Medicare Part D - Prescription Drugs
Medicare Part D is the Prescription Drug benefit of Medicare. A prescription drug plan (PDP) is a stand-alone plan that works together with your Original Medicare. It is only offered through private insurance companies. This is a good option for someone who wants to stay in Original Medicare but add prescription drug coverage.
Another option to get Part D benefits is to enroll in a Medicare Advantage Plan that includes Part D. When you elect Part D coverage, you get an ID card to use at your local pharmacy that shows what your co-pay is for different drugs. Many plans also offer a mail order option for maintenance drugs as well.
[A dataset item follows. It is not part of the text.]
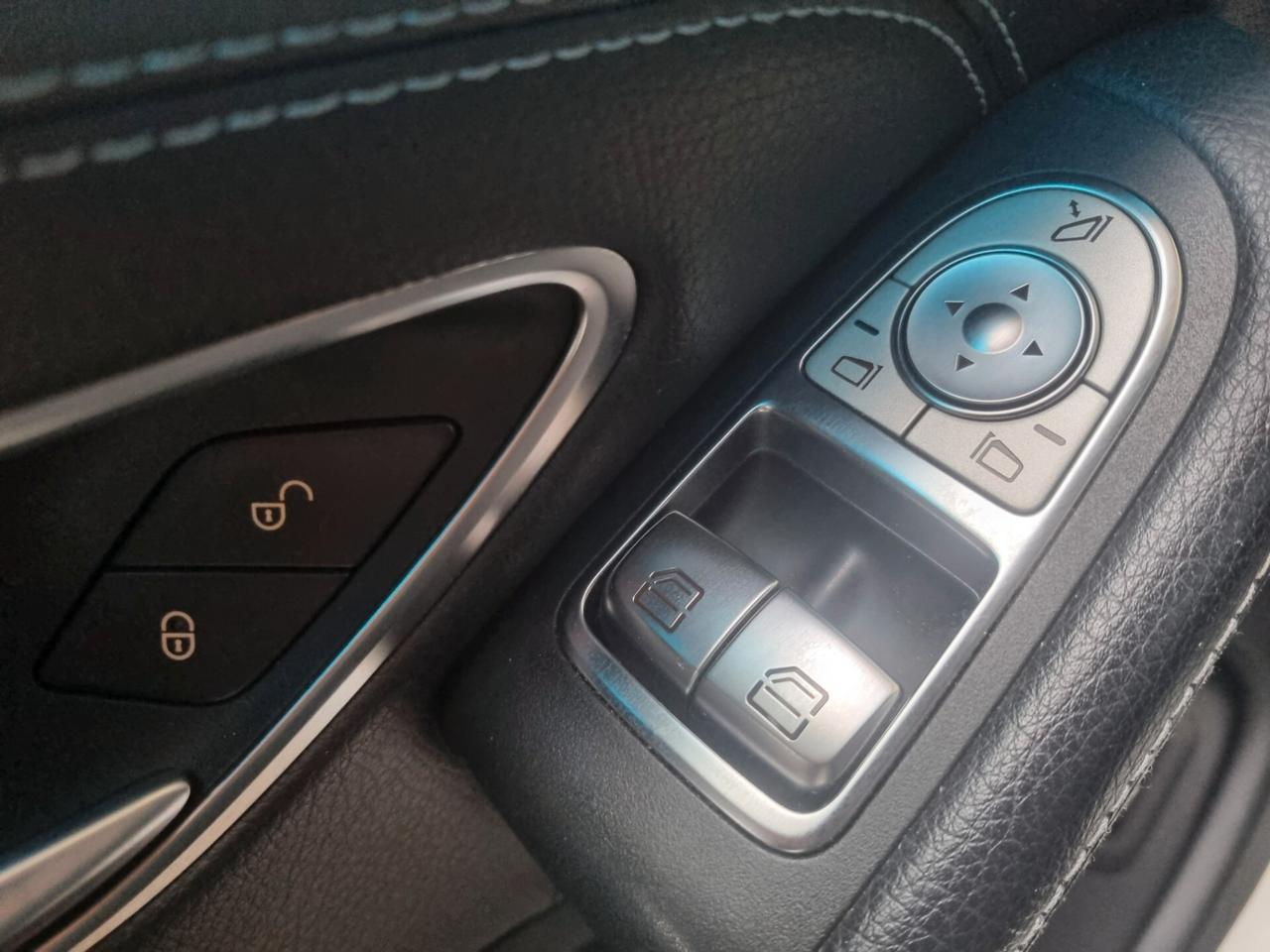 Mercedes-benz C 220 d Auto 4Matic Coupé Sport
You must have Medicare Part A and/or Part B to join a Medicare Prescription Drug Plan. For prescription drug coverage through a Medicare Advantage plan, you must have both Medicare Part A and Part B to enroll. You must continue to pay your Medicare Part B premium.
In addition, you must be age 65 or older, or under age 65 with qualifying disabilities, or have been diagnosed with End-Stage Renal Disease (permanent kidney failure requiring a kidney transplant or dialysis, also written as ESRD).
During the same seven-month window as Part B. That means during the three months before the month you turn 65, your birthday month and the three months after the month you turn 65.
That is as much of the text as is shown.